From shoegaze and post-rock-elements to cold, mechanical wave and post-punk these gentlemen always used their recordings for conscious shifts and accents on certain vibes. Unlike ILYBICD they are not the guys who just come together from time to time and what they create sounds exactly like you expect it to. They have their trademarks, above all the rhythmic precision and the extroverted (and always a bit exotic sounding) singing. Apart from that, Nobody Wants To Be Here… is remarkably anxious to appeal to a span of emotions: from the Interpol-like beginnings of There’s a girl in the corner to the aching beauty of closing ballad Sometimes I Wished I Could Fall Asleep.
Shoegazing at the Moonlight
Whereas THE TWILIGHT SAD became mildly famous for the huge walls of sound they created especially on their first recordings, guitarist Andy MacFarlane exercises in subtlety since 2012s No One Can Ever Know. Now, created Nobody Wants To Be Here and Nobody Wants To Leave reduces the moments of massive distortion once again, only the dwelling title-track and the excellent In Nowheres tend to revive the classical shoegaze-vibes. On a more discrete level though, the rest of the songs is highly influenced by it. Especially in the way how MacFarlane carries out his harmonic work within frames of static noises.
On the other side of the Atlantic, I LOVE YOU BUT I’VE CHOSEN DARKNESS also tend to add a bit of ‘guitar-wall-building’ to their musical microcosm. Just remember the ever floating We Choose Faces from their debut. This time a track like the heavenly Safety floats high above the ground while singer Christian Goyer’s tender vocals guide us through the flight. It’s one of the more uplifting moments on Dust which the band in a recent interview with NOTHING BUT HOPE AND PASSION also described as a bit lighter than their first record. The rest likes to stay in the fragile state between light and darkness, immediately reliving the feeling of the debut and transforming it into the here and now.
United in darkness
Despite coming from different musical environments, CHOSEN DARKNESS and ILYBICD are united by their unconditional love for the dark and desperate corners of art. Apparently, THE TWILIGHT SAD s lyricist James Graham has been through more bleak days than those that led to Nobody Wants To Be Here… . If you think of how strongly its predecessor bound itself to a devastating mixture of post-punk and MANIC STREET PREACHERS‘ Holy Bible, you must admit that this one is blessed with a lot more light and air, delving in more concrete and less metaphorical terrain. THE TWILIGHT SAD ‘s narrative as a band is not the one of a complete downfall in a spiral of increasing misery. It’s more a story of an ongoing struggle.
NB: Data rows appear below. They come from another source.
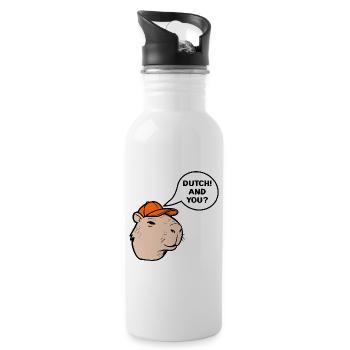 Niederländische Kapybara - Trinkflasche mit integriertem Trinkhalm - Weiß - Rechts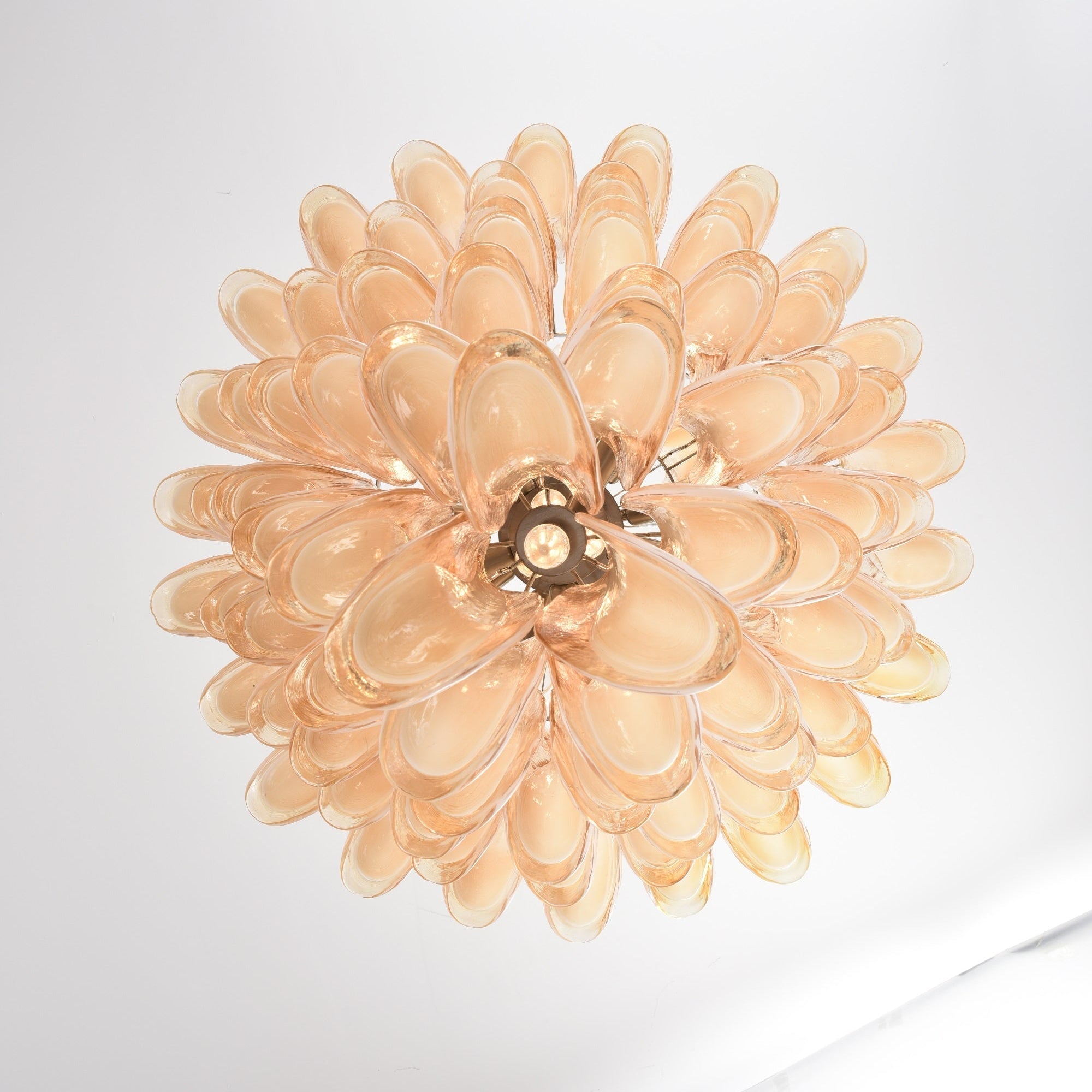 Amber Cloud Murano Glass Petals Chandelier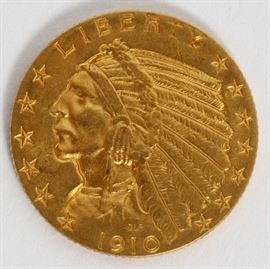 #18 - U.S. $5.00 INDIAN CHIEF, 'WALKING-EAGLE' GOLD COIN, 1910, DIA 21.6MM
ILYBICD are quite aware of this struggle. Despite opening quite uplifting and musically close to their self-titled debut EP from 2003, the final songs of Dust speak a different language. 69th Street Bridge drowns in a spherical sea of darkness while The Sun Burns Out as a title himself should work on its own. WAYSD closes the album with a dark and pumping e-bass in finest Peter Hook-tradition before shuffling itself down a road into an unknown future. The rest creates a familiar feeling of understanding and belonging, just like it did years ago. THE TWILIGHT SAD achieve the same. A return to home, even if it’s located in a dark alley. But in the end your home remains the place where your heart is and quite often in life that is a dark one.
The TWILIGHT SAD’s fourth full-length sees the Scots trying to get to terms with their own destiny. ‘Nobody Wants To Be Here…’ condenses their output in a still irresistible way.
‘Dust’ marks an impressive return of I LOVE YOU BUT I’VE CHOSEN DARKNESS who haven’t lost their dark magic in these past eight years as they re-activate the sinister spirit of their debut.